## [Task requirements]
Scan the entries line by line and return those with "from".

***** Provided entries

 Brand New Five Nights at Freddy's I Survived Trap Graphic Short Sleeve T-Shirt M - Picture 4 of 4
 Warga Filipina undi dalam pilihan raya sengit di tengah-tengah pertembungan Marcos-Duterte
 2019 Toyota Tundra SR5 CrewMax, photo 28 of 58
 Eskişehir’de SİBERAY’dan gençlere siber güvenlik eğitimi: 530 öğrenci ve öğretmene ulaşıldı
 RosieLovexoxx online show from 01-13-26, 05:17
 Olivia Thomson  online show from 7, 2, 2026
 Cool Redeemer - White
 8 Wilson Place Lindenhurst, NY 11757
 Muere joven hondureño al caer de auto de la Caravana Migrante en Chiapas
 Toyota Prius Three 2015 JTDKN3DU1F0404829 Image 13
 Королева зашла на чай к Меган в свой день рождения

**********

## [Reply]
 RosieLovexoxx online show from 01-13-26, 05:17
 Olivia Thomson  online show from 7, 2, 2026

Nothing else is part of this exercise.